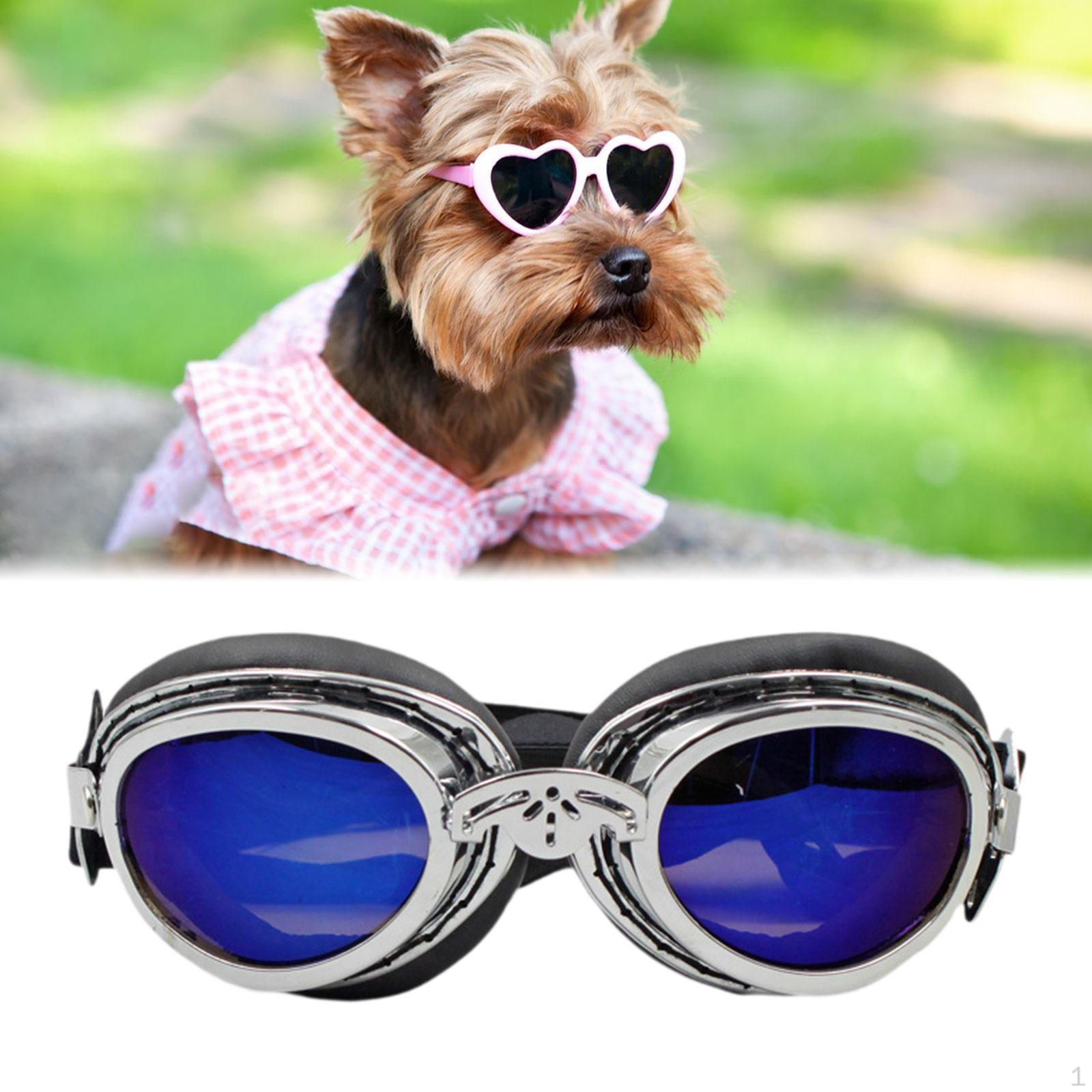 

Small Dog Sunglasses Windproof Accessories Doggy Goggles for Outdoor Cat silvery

...

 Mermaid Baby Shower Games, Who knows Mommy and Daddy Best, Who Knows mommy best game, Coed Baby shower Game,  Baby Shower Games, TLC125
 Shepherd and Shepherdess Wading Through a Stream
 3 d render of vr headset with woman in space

▶ Work request
Every line above from the line with "Mermaid Baby Shower" to the line with "3 d render of vr headset with woman in space", inclusive, must be returned exactly; no other line belongs in the reply.

▶ Answer section
 Mermaid Baby Shower Games, Who knows Mommy and Daddy Best, Who Knows mommy best game, Coed Baby shower Game,  Baby Shower Games, TLC125
 Shepherd and Shepherdess Wading Through a Stream
 3 d render of vr headset with woman in space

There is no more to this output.